As the students enter the classroom, I have a poll projected on the screen that says "Define Factoring." These two words strike fear in the eyes of even my best and brightest students. Many students tell me "Sure, I can do it. But I just can't explain it!"
The responses that you get from the poll will likely be mathematically weak. I use this lack of an ability to explain as a launch-pad for my lesson. I tell the students that they have very clearly mastered a skill, but have not grasped the fundamental mathematical CONCEPT. Today, I tell them, we will work to reveal the mystery of factoring.
I use www.polleverywhere.com to set up my classroom polls. I highly recommend giving it a try as an instructional tool in your classroom. Creating an account is quick, and free. Educators enjoy the benefit of exporting the poll results to a PowerPoint slide and saving them from year to year. This will be a potentially powerful source for measuring the impact of the Common Core transition. As we begin to ask these questions of the students more often, and the students are further exposited to the Common Core curriculum, we should see more well developed answers as the years progress.

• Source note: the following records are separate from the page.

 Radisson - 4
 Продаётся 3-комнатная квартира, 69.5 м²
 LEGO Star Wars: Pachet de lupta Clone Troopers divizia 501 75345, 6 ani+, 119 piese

I begin the lesson by writing a large, bold WHY? on the board. This, I tell the students, is one element of factoring that we will seek to answer today. Below this, I draw a rectangle and write inside of the rectangle that A=3x²+3x.
Next, I instruct the students to collaborate with their peers to find the dimensions of both sides in terms of x.
The majority of students will be able to recognize from Algebra I, that a GCF of 3x can be pulled out of the expression, yielding 3x(x+1). Therefore, one side is 3x and the other side is x+1. An excellent extension question for the students is to ask them which side is the longest? Most students will quickly say that 3x is the longest. However, this opens up the window for the critical thinkers to think of situations when 3 times something would actually be smaller than something plus 1. The students will then be able to come up with a set of negative values and fractions that are all counterexamples to the initial claim.
If mistake have be made in factoring out a GCF, these are usually easily remedied by showing the students that their answer would distribute incorrectly if re-multiplied, that is, not produce the desired 3x²+3x.
The homework assignment that I give for this lesson is attached. The first three problems ask the students to connect their learning about factoring to what is happening on the graph of a function. The final 10 questions ask the students to factor by grouping. A key thing to note is that they may have to take out a GCF first!